Wie viel Zeit verliert die Gemeinde, wenn die Nachnutzungspläne für die Kaserne geändert werden müssten?
Ich war davon ausgegangen, dass wir im Verwaltungsausschuss am Montag dieser Woche oder am 17. Januar eine Entscheidung der Politik zum Nutzungskonzept gehabt hätten. Wir hätten das direkt an die Bima für die Verhandlungen weitergegeben. Das verzögert sich jetzt bis zu einer Entscheidung des Verteidigungsministeriums.
Können Sie aufgrund der bisherigen Erfahrung einschätzen, wie viel Zeit eine Neuplanung für die Kaserne kosten würde?
Das hängt davon ab, was auf dem Truppenübungsplatz tatsächlich geschehen wird. Da jetzt eine Aussage zu treffen, ob es überhaupt neue Planungen gibt, welche Planungen es gibt und wie lange die dauern, ist noch zu früh.
Wie ist der aktuelle Stand der Gespräche mit der NLG?
Die Gemeindeverwaltung und die Politik haben sich mit der NLG ausgetauscht. Man hat sich abgestimmt, im Gespräch zu bleiben.
Worüber ist gesprochen worden, sind auch schon Entscheidungen gefallen?
Nein. Entscheidungen müssen in einer öffentlichen Ausschuss-Sitzung und durch den Rat bestätigt werden. Das Stadium haben wir mitnichten erreicht. Es hat jetzt ein erstes Gespräch direkt zwischen der NLG und der Kommunalpolitik gegeben.
Um welche Themen geht es da?
Man spricht über die Herausforderungen auf dem Kasernengelände, wie die Vorstellungen der Gemeinde aussehen, wie weit der Planungsprozess ist. Die NLG stellt vor, was sie an Leistungen anbieten kann.
Was wäre denn der Part der NLG?
Das sind Fragestellungen, die noch in weiteren Gesprächen zu klären sind.
Haben Sie die NLG schon über die Pläne der Bundeswehr informiert?

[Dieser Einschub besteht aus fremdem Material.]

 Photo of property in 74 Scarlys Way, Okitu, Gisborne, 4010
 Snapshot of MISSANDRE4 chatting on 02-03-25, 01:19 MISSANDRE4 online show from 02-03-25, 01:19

Ja, am Dienstag, als wir das Schreiben an die Verteidigungsministerin rausgeschickt haben. Wir haben auch die Bima und andere, die uns im Prozess begleiten, informiert.
Was wollen Sie noch unternehmen, um die Pläne der Bundeswehr zu stoppen?
Ich glaube einen rechtlichen Hebel haben wir nicht. Sollte sich herauskristallisieren, dass der Übungsbetrieb fortgeführt wird, würden wir über Schadensersatzansprüche nachdenken.